Records provided START

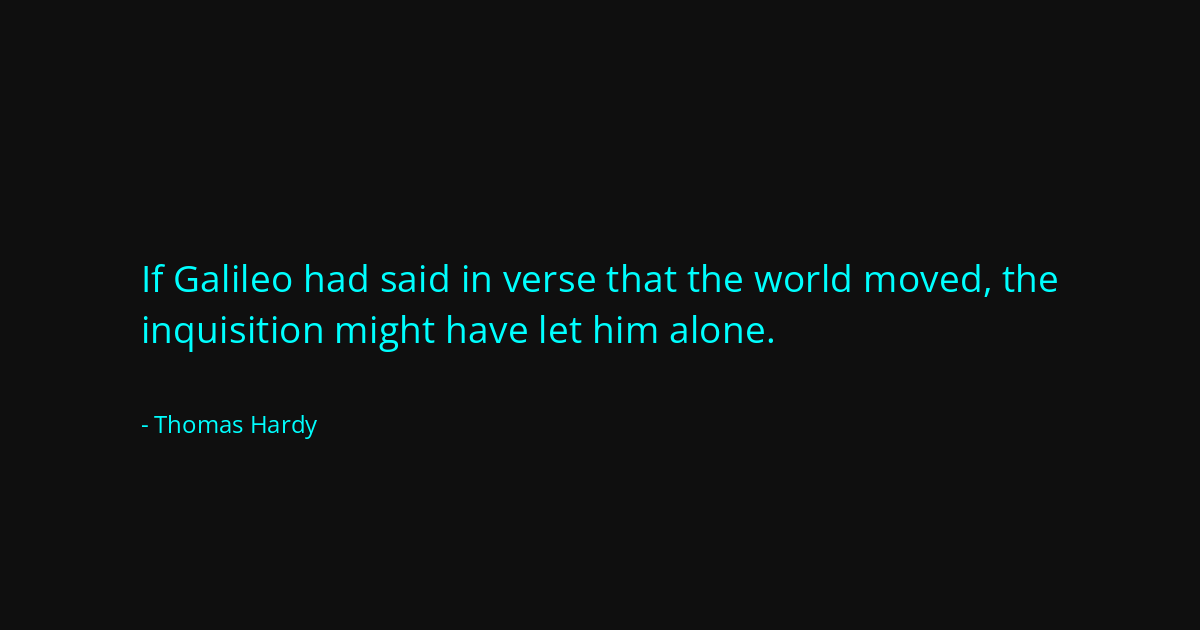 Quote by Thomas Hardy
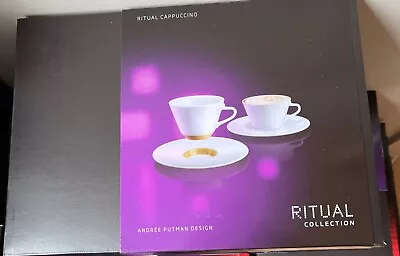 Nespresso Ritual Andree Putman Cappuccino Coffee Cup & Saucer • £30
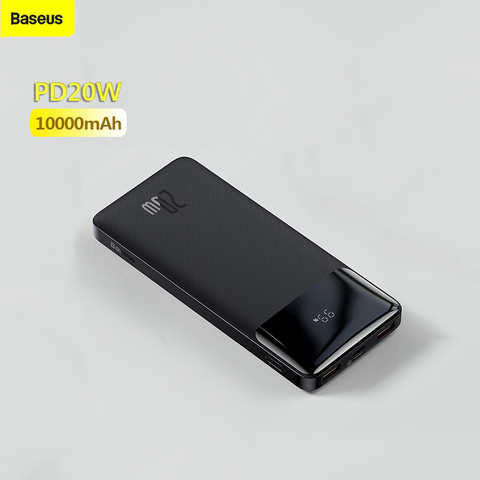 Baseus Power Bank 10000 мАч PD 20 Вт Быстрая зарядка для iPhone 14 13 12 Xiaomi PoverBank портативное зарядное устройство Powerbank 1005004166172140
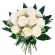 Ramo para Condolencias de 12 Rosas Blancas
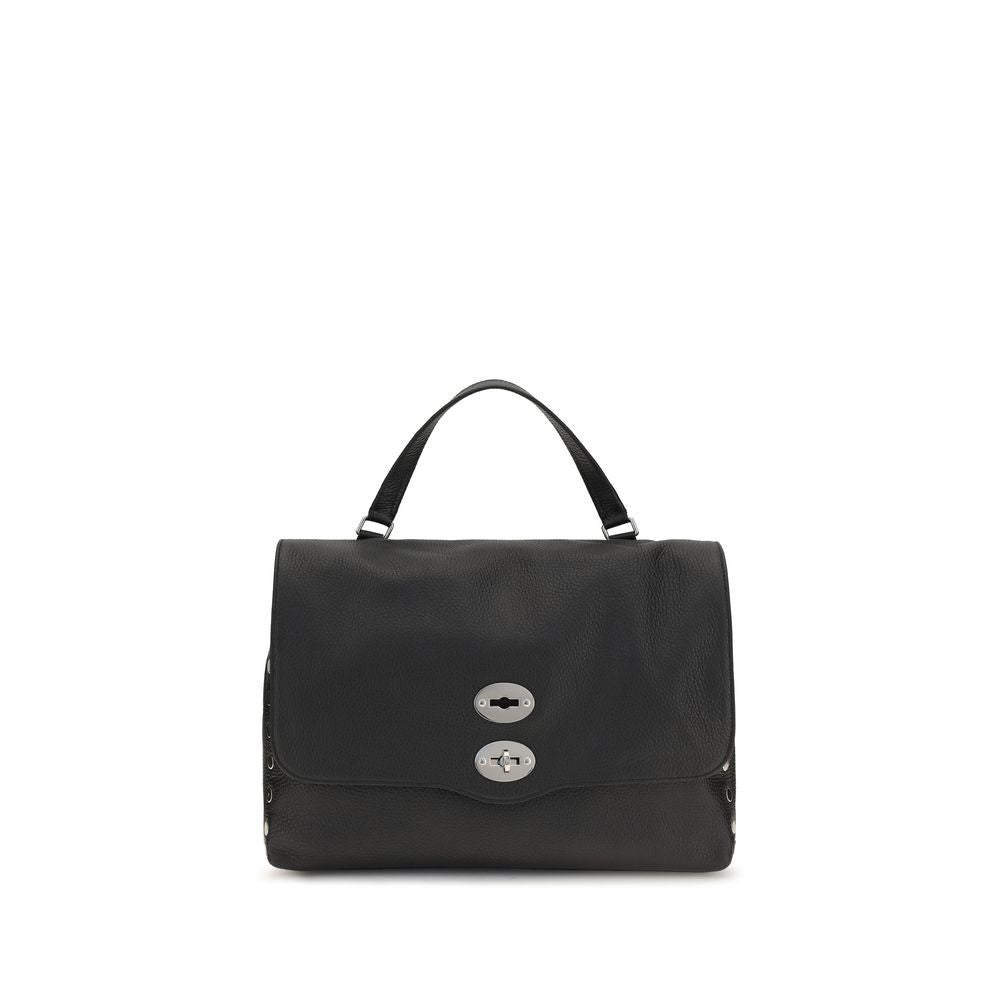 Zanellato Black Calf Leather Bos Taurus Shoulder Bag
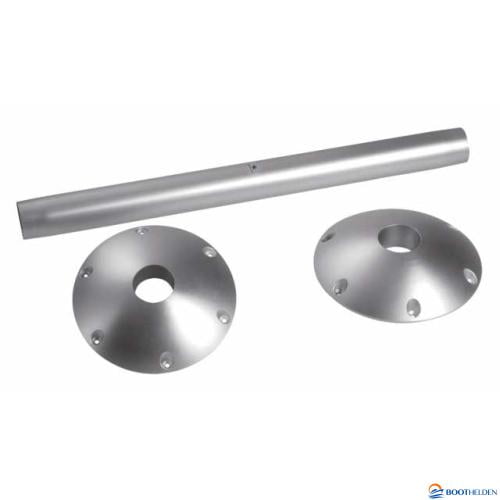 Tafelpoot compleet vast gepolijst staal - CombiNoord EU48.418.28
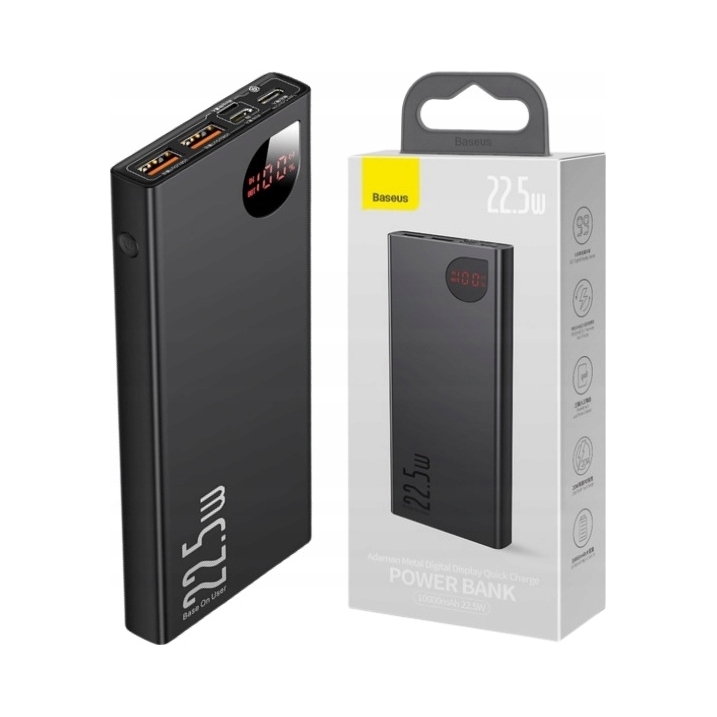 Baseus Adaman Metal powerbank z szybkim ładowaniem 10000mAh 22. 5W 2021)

Records provided END

## Task brief
The lines wanted run from the line containing "Zanellato Black Calf" through the end of the entries; return them exactly, both ends included, and keep pictures out.

## Result
 Zanellato Black Calf Leather Bos Taurus Shoulder Bag
 Tafelpoot compleet vast gepolijst staal - CombiNoord EU48.418.28
 Baseus Adaman Metal powerbank z szybkim ładowaniem 10000mAh 22. 5W 2021)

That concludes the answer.